======== Records
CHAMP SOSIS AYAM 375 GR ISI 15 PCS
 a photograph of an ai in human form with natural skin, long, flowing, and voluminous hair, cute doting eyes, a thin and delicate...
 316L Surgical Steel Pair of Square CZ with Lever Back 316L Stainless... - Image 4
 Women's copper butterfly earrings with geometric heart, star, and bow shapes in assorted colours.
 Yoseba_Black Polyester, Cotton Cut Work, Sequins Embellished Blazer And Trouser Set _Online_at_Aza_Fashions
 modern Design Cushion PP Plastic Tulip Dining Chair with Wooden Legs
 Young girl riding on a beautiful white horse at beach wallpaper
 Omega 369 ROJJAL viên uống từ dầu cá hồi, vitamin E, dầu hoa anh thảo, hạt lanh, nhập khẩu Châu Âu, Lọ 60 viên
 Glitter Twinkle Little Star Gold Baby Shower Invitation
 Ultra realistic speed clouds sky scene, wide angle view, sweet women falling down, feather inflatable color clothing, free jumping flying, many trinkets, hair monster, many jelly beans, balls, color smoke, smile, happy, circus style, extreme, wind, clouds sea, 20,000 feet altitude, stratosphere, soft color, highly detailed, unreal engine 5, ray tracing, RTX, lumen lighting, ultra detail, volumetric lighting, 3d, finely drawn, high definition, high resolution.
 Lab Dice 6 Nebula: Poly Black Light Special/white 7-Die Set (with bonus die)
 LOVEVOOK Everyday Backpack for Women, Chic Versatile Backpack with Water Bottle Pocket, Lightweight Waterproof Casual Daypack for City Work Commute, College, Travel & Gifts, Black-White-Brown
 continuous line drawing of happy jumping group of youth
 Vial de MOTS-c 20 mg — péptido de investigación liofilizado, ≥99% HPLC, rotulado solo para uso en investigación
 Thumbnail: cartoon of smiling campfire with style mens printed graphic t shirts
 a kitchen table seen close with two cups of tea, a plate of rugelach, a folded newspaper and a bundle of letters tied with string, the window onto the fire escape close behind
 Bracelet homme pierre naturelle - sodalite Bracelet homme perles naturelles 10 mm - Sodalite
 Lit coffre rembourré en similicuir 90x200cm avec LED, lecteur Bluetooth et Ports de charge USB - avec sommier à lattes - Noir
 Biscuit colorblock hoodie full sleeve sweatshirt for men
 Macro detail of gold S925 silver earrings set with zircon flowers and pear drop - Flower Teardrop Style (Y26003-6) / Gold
================
▶ Work task: Determine the number of lines in the preceding data that contain the word "Gold". Reply with that number only.

▶ Answer for this exercise: 2